Крайне интересен § 4 приложения к протоколу заседания Политбюро ЦК от 6 мая 1923 г. В нем отмечалось, что «цензура наша должна иметь педагогический
уклон», нужно «работать с авторами», особенно теми, которые «явно развиваются в революционном направлении»; рекомендовалось не запрещать произведения таких авторов безоговорочно, а «предварительно свести автора с товарищем, который действительно сможет разъяснить ему реакционные элементы его произведения» (Там же, л. 17). Вот так, не более, не менее! Именно в этом заключалось коренное отличие возникшей тоталитарной цензуры от дореволюционной. Последняя, если не считать некоторых эпизодов из эпохи Николая I, хотя порой и очень жестоко, действовала все же исключительно запретительными мерами, не претендуя на педагогическую роль советчика, рекомендующего автору способы «улучшения» текста, создания им «положительного идеала». Джордж Оруэлл в речи «Литература и тоталитаризм», произнесенной в 1941 г., не зная, естественно, процитированного выше документа, с необычайной точностью и выразительностью сформулировал самую суть нового подхода к литературе: «Тоталитаризм посягнул на свободу мысли так, как никогда прежде не могли и вообразить. Важно отдавать себе отчет в том, что контроль над мыслью преследует цели не только запретительные, но и конструктивные. Не просто возбраняется выражать — даже допускать определенные мысли, но диктуется, что именно надлежит думать… Тоталитарное государство обязательно старается контролировать мысли и чувства своих подданных, по меньшей мере, столь же действенно, как контролирует их поступки»3.В полном соответствии с «законом Паркинсона», сфера действий нового учреждения расширялась год от года. Уже в июне 1924 г. редакции журналов и газет получили указание, что все перемещения и изменения в составе редколлегий (не говоря уже о назначении главных редакторов) должны предварительно согласовываться с органами Главлита4
. На эту роль, конечно, претендовали также (и в первую очередь) партийные органы, а позднее и органы тайной полиции.Первоначально Главлиту был поручен контроль, лишь за произведениями печати, да и то, как указана было ранее, не всеми. Контроль за зрелищами, например, исполнялся на первых порах политпросветами, но после некоторой склоки между ними и Главлитом он полностью отошел к последнему: 9 февраля 1923 г. был Декретом Совнаркома создан при нем Комитет по контролю за репертуаром и зрелищами (пресловутый Главрепертком). Ему принадлежало право на разрешение к постановке всех драматических, музыкальных и кинематографических произведений (подробнее см. очерк «Главрепертком»). Сразу же после основания Главлита стали возникать противоречия и даже трения и конфликты между ним и Госиздатом РСФСР. Нарекания со стороны Главлита вызвали некоторые эпизоды, связанные с разрешением книг, «недостаточно идейных» (см. об этом далее). В подавляющем большинстве случаев такие претензии были надуманными: Политотдел ГИЗа и Главлит соревновались между собой в сфере надзора за печатным словом; порою случались и доносы друг на друга в партийные инстанции.

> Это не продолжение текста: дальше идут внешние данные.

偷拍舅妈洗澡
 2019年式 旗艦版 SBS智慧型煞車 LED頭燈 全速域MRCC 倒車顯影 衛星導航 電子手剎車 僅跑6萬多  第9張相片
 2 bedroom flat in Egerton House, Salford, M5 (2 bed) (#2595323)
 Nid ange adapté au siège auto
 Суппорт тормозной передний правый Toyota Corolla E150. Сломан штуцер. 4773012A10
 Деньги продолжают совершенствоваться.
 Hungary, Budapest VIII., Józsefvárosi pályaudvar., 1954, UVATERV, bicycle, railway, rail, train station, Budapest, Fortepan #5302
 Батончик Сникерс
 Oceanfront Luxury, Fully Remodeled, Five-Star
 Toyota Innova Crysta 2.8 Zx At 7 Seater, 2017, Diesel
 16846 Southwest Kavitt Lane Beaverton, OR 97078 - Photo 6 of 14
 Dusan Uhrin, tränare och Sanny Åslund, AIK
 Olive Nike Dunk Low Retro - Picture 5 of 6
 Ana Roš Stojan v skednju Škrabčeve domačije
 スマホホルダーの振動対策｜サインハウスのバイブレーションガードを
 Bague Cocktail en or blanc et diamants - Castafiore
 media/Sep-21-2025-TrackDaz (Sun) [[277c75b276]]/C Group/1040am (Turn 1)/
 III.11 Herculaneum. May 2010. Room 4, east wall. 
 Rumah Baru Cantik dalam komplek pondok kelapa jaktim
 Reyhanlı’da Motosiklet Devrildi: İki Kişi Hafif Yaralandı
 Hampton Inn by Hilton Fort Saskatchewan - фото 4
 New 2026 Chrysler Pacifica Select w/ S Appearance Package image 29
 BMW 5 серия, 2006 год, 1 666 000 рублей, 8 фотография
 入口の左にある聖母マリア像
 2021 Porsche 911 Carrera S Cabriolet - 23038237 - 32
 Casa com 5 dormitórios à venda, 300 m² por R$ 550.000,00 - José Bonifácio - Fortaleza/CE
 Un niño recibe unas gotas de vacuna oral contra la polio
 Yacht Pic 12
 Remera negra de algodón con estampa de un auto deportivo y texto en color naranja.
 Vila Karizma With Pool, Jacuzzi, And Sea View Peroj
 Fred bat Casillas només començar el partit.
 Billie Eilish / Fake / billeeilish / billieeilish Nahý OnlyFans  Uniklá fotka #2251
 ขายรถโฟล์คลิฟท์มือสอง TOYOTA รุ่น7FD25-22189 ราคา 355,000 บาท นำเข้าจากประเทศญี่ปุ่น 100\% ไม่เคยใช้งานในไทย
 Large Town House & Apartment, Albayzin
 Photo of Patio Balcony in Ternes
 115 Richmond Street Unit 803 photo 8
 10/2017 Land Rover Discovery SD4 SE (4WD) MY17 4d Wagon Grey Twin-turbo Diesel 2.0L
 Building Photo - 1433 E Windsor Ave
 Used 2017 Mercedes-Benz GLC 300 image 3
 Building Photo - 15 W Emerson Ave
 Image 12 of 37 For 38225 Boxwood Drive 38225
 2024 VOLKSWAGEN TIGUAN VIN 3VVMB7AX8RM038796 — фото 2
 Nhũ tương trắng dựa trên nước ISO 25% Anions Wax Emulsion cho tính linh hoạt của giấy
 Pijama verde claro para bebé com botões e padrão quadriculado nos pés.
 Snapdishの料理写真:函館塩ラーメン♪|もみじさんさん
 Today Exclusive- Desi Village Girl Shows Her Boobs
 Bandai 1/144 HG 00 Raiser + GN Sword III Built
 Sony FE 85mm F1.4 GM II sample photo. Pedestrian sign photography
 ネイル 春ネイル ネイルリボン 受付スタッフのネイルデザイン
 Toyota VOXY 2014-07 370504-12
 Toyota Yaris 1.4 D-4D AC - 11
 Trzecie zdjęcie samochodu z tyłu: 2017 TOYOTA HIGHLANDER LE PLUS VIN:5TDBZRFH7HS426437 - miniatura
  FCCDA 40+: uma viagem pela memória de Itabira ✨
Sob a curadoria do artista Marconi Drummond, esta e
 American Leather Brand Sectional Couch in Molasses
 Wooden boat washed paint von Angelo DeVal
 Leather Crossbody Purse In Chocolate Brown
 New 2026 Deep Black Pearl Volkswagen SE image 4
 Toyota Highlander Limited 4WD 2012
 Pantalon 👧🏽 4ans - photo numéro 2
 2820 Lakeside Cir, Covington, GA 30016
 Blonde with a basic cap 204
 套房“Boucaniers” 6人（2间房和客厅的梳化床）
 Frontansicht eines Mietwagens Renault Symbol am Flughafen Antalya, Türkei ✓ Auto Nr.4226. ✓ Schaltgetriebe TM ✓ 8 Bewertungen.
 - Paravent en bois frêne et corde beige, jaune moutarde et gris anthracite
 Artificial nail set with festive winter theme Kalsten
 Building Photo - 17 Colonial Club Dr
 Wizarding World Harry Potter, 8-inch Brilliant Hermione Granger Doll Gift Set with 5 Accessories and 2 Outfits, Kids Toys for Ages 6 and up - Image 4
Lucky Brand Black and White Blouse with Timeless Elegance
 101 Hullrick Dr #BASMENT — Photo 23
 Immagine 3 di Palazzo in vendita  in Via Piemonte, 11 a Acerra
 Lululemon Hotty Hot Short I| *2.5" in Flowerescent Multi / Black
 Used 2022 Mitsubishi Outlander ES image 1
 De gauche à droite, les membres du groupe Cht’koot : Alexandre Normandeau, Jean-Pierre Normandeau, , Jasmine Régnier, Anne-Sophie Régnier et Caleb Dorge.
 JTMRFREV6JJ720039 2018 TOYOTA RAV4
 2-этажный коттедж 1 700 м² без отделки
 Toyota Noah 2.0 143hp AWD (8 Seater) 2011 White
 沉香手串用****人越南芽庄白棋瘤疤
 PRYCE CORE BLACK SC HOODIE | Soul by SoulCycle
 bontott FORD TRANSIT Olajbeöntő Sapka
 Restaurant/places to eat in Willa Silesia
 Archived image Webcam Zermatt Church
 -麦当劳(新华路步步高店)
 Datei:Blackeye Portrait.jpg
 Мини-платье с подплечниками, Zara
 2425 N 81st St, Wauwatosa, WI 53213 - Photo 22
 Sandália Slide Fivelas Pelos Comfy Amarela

Уже в 1925 г. (8 августа) по настоянию Главлита Коллегия Наркомпроса признала «целесообразным подчинить контролю Главлита всю литературу, то есть издаваемую ГИЗом и другими совпартиздательствами» (IV — ф. 2300, оп. 69, д. 514, л. 10). Заведующий Главлитом писал тогда же в Оргбюро ЦК ВКП(б), что вскоре «предстоит очень сильное расширение деятельности Главлита в связи с уничтожением неподцензурных издательств, передачей контроля над радиовещанием и организацией (в связи с этим) ночной работы» (Там же, л. 16). Естественно, он просил с «нового бюджетного года» резко увеличить штаты цензурных органов. С 1926 г. им был передан контроль за всеми видами печатной продукции и решительно всех издательств, независимо от их ведомственной подчиненности. Была отобрана поблажка, сделанная первоначально для изданий Академии наук, полностью подчинен ГИЗ. Предварительной цензуре стали подвергаться самые, казалось бы, безобидные вещи — от афиш, плакатов, рекламных объявлений вплоть до пригласительных билетов, почтовых конвертов и спичечных наклеек. Исключения были сделаны лишь для бухгалтерских кассовых книг, бланков и других канцелярских беловых товаров.